L’une des caractéristiques de l’intervention chirurgicale laparoscopique que j’ai eue est que le chirurgien a la capacité d’enlever la prostate et de réparer la connexion de l’urètre à la vessie par 2 or 3 petites ponctions dans l’abdomen. Avec le procédé rétropubien (seulement un ou deux points de sutures au plus peuvent possiblement être faits) une large incision à travers l’abdomen nécessite une période de rétablissement beaucoup plus longue. Ainsi, j’espérais que le temps nécessaire pour retrouver la continence allait être relativement rapide. Un des incidents mentionnés plus tôt est arrivé un jour, en décembre, au centre sportif. J’étais sur la machine à ramer, je tirais fort et puis il est devenu apparent que j’avais une grande fuite. Remarque pour les hommes – c’était une intervention chirurgicale majeure. N’oubliez pas que même après six mois, tout n’est pas encore revenu à la normale. Ne poussez pas votre chance et en faire trop.

Ayant appris ma leçon, j’ai continué à utiliser des serviettes quotidiennement jusqu’en avril. À ce point, j’en étais rendu aux « gouttelettes » occasionnelles et j’ai arrêté d’utiliser les serviettes; j’étais à toutes fins pratiques « sec ». Cette situation a persisté au cours des années suivantes. J’en étais à reconnaître ces moments où j’aurais peut-être une gouttelette ou deux, par exemple en me penchant soudainement ou en faisant des exercices vigoureux. Je contrôlais ces situations en utilisant des produits conçus pour les femmes.

Une fois, j’ai fait un sondage informel et très peu scientifique auprès des membres lors d’une réunion d’un groupe de soutien du cancer de la prostate. Je voulais savoir parmi les près de soixante-dix personnes présentes, leurs expériences avec l’incontinence après leurs propres interventions. À ma surprise, mois de 20 % ont répondu à mon sondage anonyme. Ceux qui ont répondu ont tous mentionné quelques degrés d’incontinence continue mais sans détails à propos de comment ils le géraient. Cette expérience permet d’illustrer que, tandis que les hommes sont quelques peu réticents à s’identifier aux sujets de la santé – dans ce cas le cancer de la prostate et les effets du traitement – il reste beaucoup de travail à faire pour changer les attitudes courantes par rapport à l’incontinence.
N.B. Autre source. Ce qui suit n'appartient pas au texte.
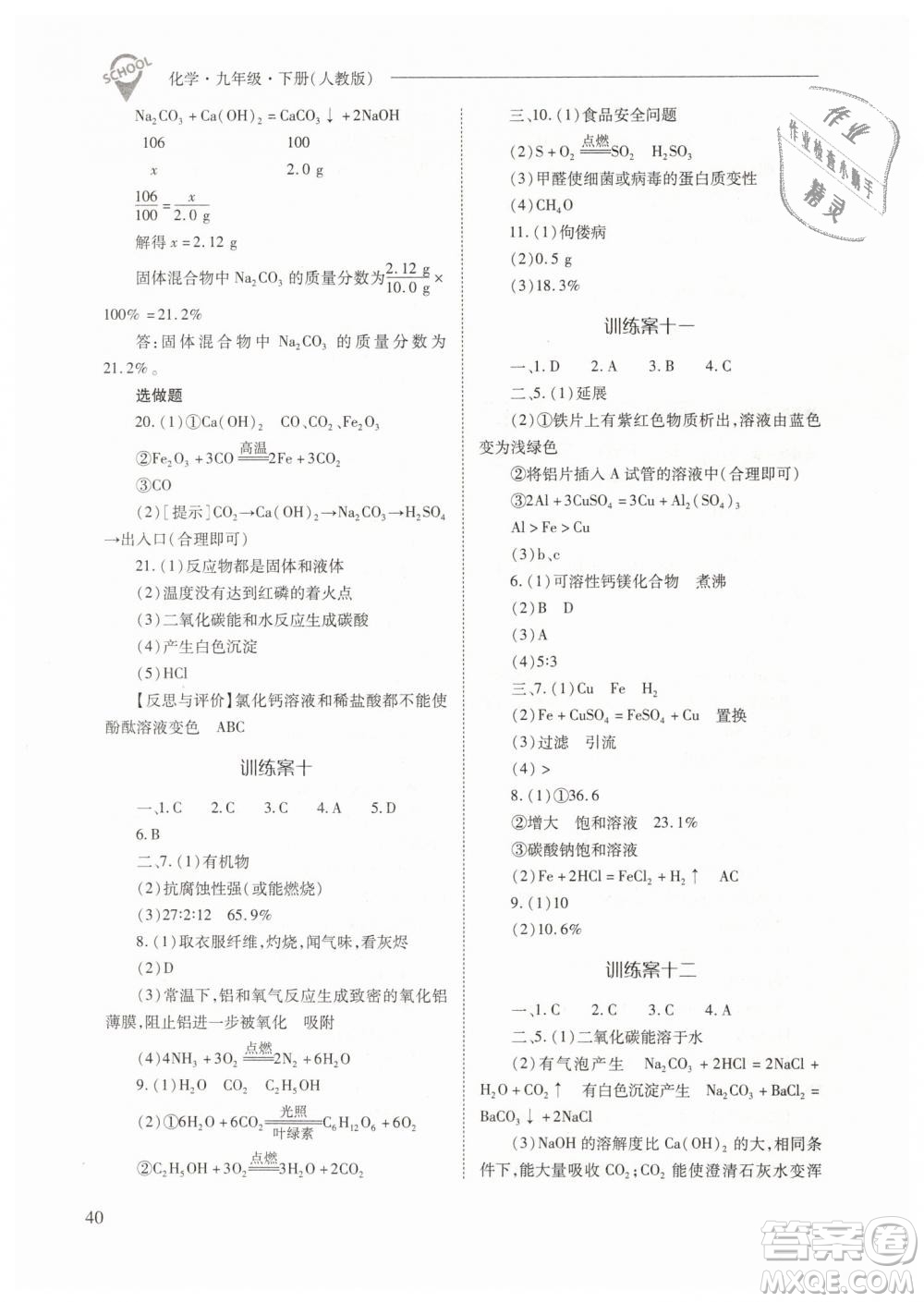 山西教育出版社2021新課程問(wèn)題解決導(dǎo)學(xué)方案化學(xué)九年級(jí)下冊(cè)人教版答案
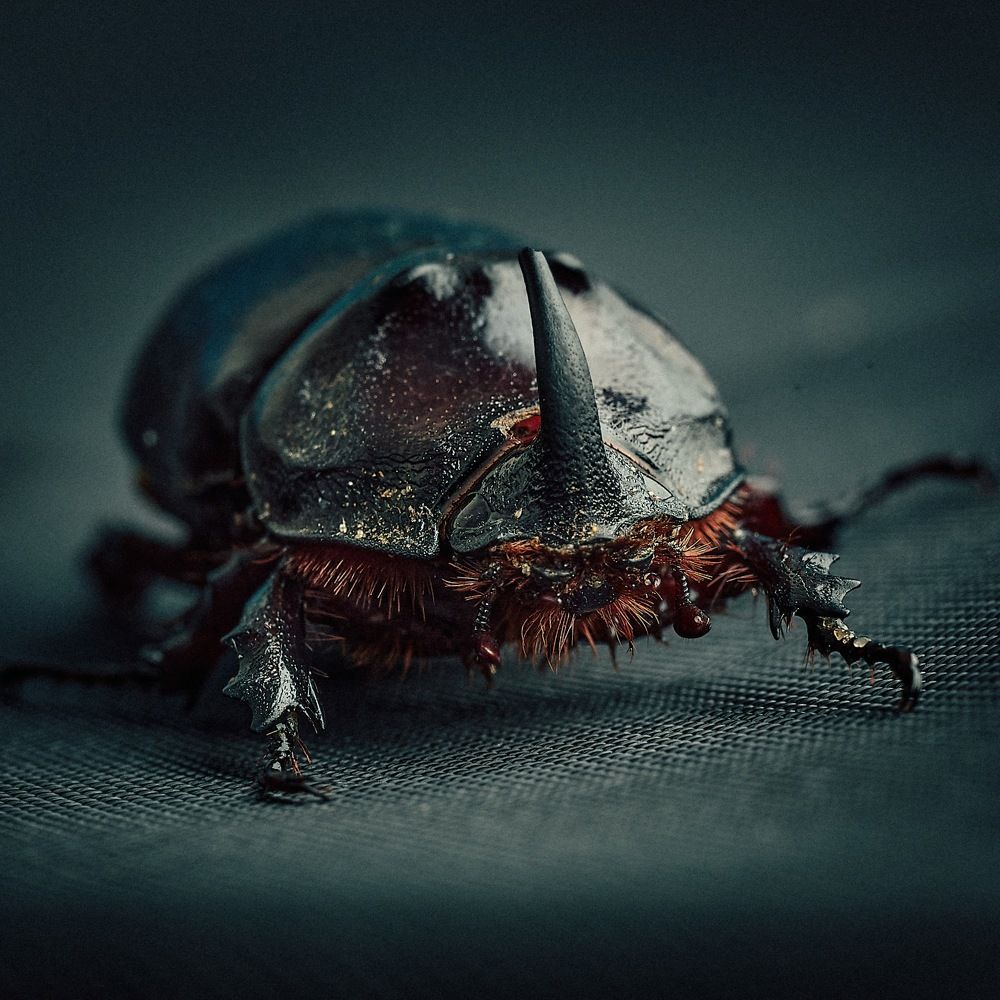 Photograph by Mikhail Khmelevskiy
Je ne me rappelle pas quand j’ai découvert le site Web de la Fondation d’aide aux personnes incontinentes (Canada). Je reconnais certainement l’excellente contribution dans les articles de «L’Informateur » qui traitent de la question d’incontinence après le traitement du cancer de la prostate. J’ai fait référence à ces articles à de nombreuses reprises dans des conversations avec des hommes, autant lors de mon poste de coordonnateur de sensibilisation du groupe « Us Too! » et plus récemment lors des rencontres de mon groupe de soutien « Blue Ribbon ».

En résumé, par deux évènements fortuits – un test d’antigène prostatique fait à temps et la douce main de mon épouse qui m’a poussé à joindre le centre sportif -- sans quoi je crois que la vie aujourd’hui aurait été bien différente. Je suis reconnaissant pour la nouvelle vie que j’ai reçue et la chance d’essayer de faire une différence pour les autres aussi.